## Assigned task
Copying rule for the data below: take the line containing "Vanne thermostatique OV" and every line after it to the end, exactly, and drop all pictures.

## Collected data
____________

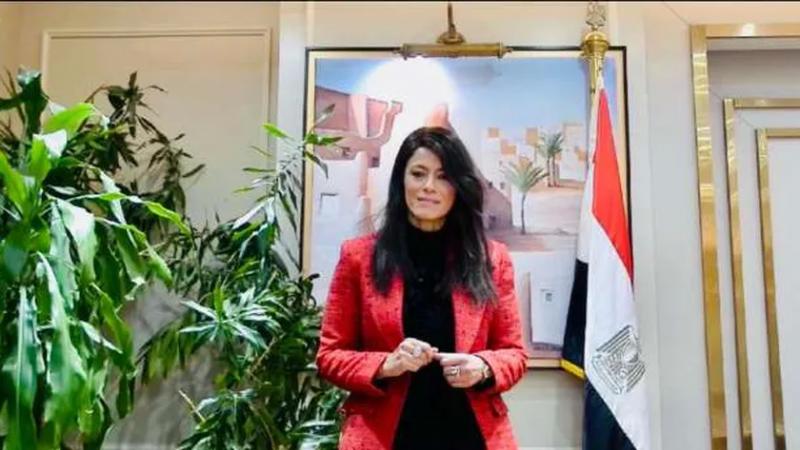 رانيا المشاط وزيرة التعاون الدولي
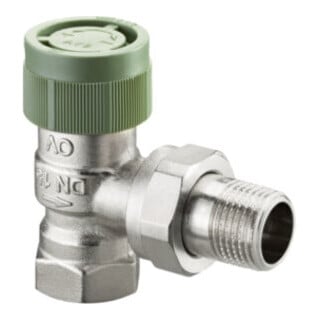 Vanne thermostatique OV série ADV 9 M 30x1,5, angle DN 20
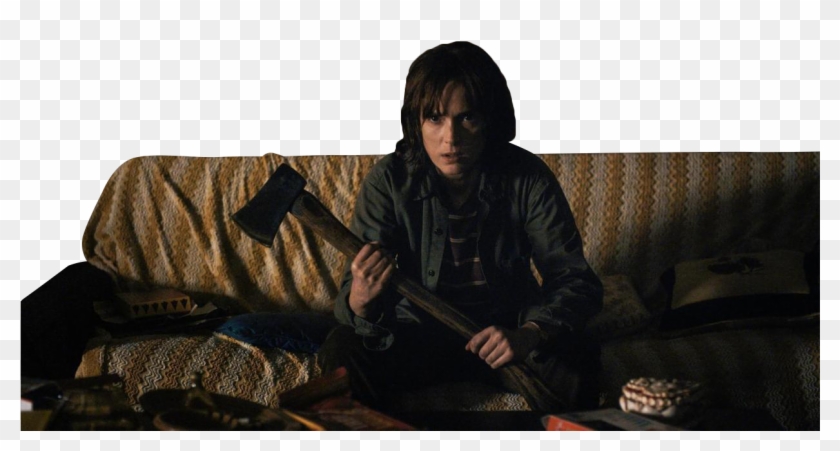 Joyce Byers - John Byers Stranger Things Clipart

____________

## Solution for this problem
 Vanne thermostatique OV série ADV 9 M 30x1,5, angle DN 20
 Joyce Byers - John Byers Stranger Things Clipart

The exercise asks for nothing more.